Northern Ireland shares the early cultural glories of all Ireland. To Ulster belongs one of the two great cycles of Irish myths that contain the exploits of CЯ Chulainn and the tragic story of Deirdre (see Gaelic Literature). There is a thriving theatrical movement in Belfast, and much literary activity. Belfast is the base of Opera Northern Ireland, which presents seasons at the Grand Opera House in the city, and also tours the province. A ballet company is based in the capital, as is the Belfast Philharmonic Society, one of Britain's leading choral societies. The Ulster Symphony Orchestra is among the leading orchestras of Britain. Queen's University hosts the annual Belfast Festival.
Northern Ireland has two national museums: the Ulster Museum in Belfast, which houses a collection of Irish antiquities; and the Ulster Folk and Transport Museum in Holywood, County Down.

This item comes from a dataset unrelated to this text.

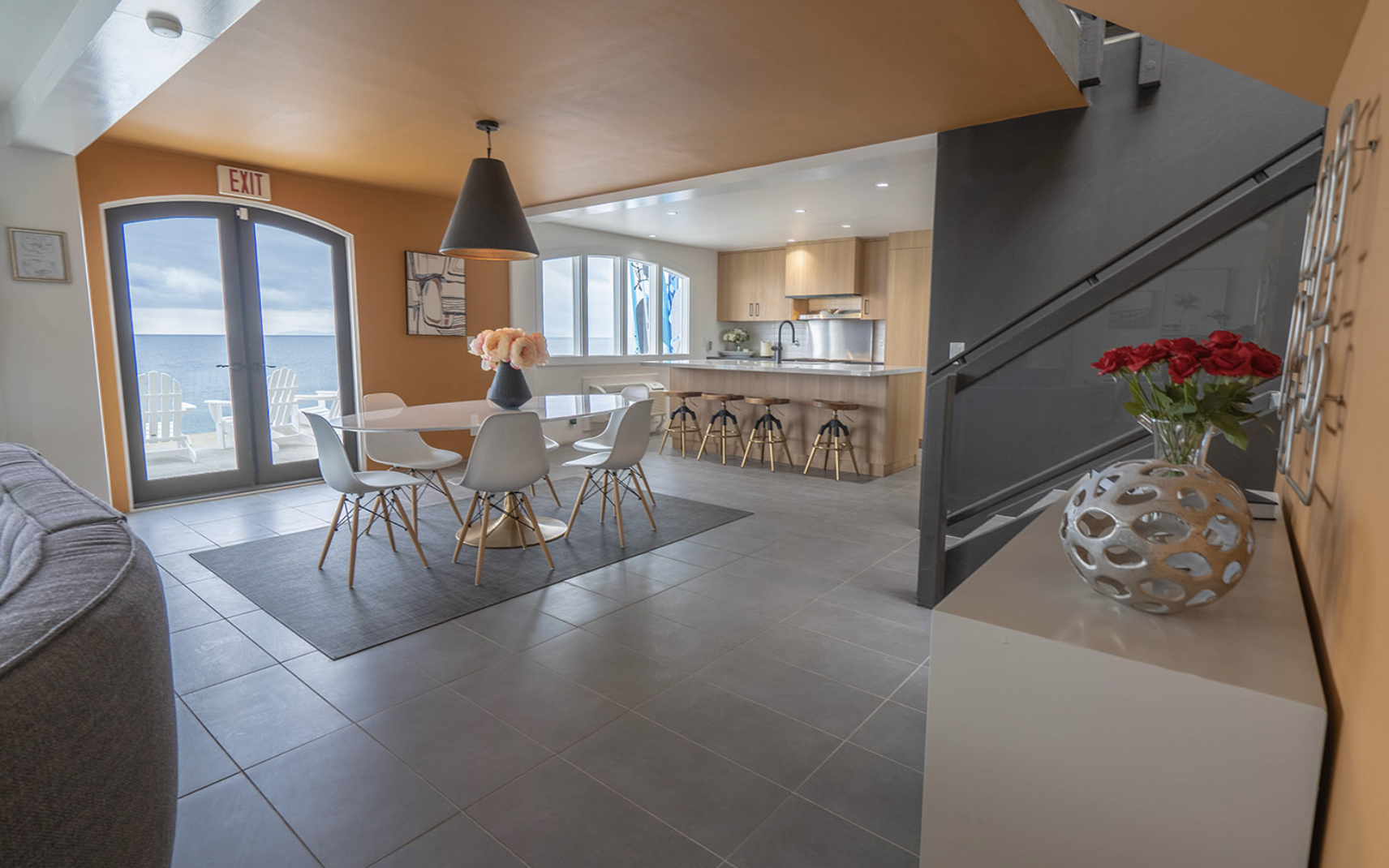 Shared living and dining space with ocean views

Northern Ireland's gross domestic product in 1992 was about $18.3 billion. In general, the economy of Northern Ireland is based on agriculture and manufacturing and is closely tied to that of Great Britain as a whole; almost half of manufacturing output is sold to the rest of Britain; one quarter is sold locally. Northern Ireland has been particularly hard hit by the decline of traditional industries like shipbuilding, on which much of its prosperity and many jobs depended. The lack of economic opportunities, particularly for young people, played a role in the sectarian conflicts of the 1970s. At the same time, however, the threat of terrorism hindered efforts to attract investment and create new jobs in the 1980s. Considerable public expenditure has been devoted to urban renewal in Belfast and Londonderry. Various agencies have been established to attract new companies and encourage small business, backed by tax and other incentives. Helped by moves towards a peaceful settlement of the sectarian violence, several important new investments were announced in the early 1990s.

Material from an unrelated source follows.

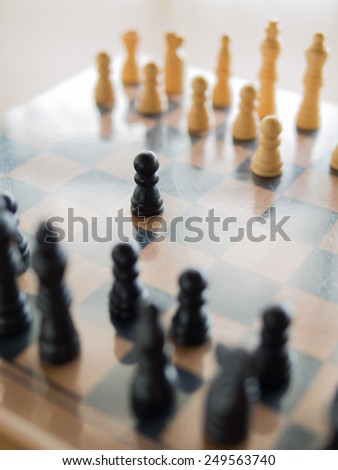 Black chess in the center of board, Shallow in depth of field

Public finance comes predominantly from taxes (50 percent in 1994) and government grants in aid from Great Britain (41 percent); Northern Ireland also received considerable funding from the European Union.
Small farms predominate in Northern Ireland, and production generally includes both crops and livestock. Livestock on farms in the early 1990s numbered approximately 1.5 million cattle, 2.6 million sheep, 588,000 pigs, and 12.3 million poultry. The leading crops in the country were potatoes, barley, hay, oats, turnips, apples, and pears.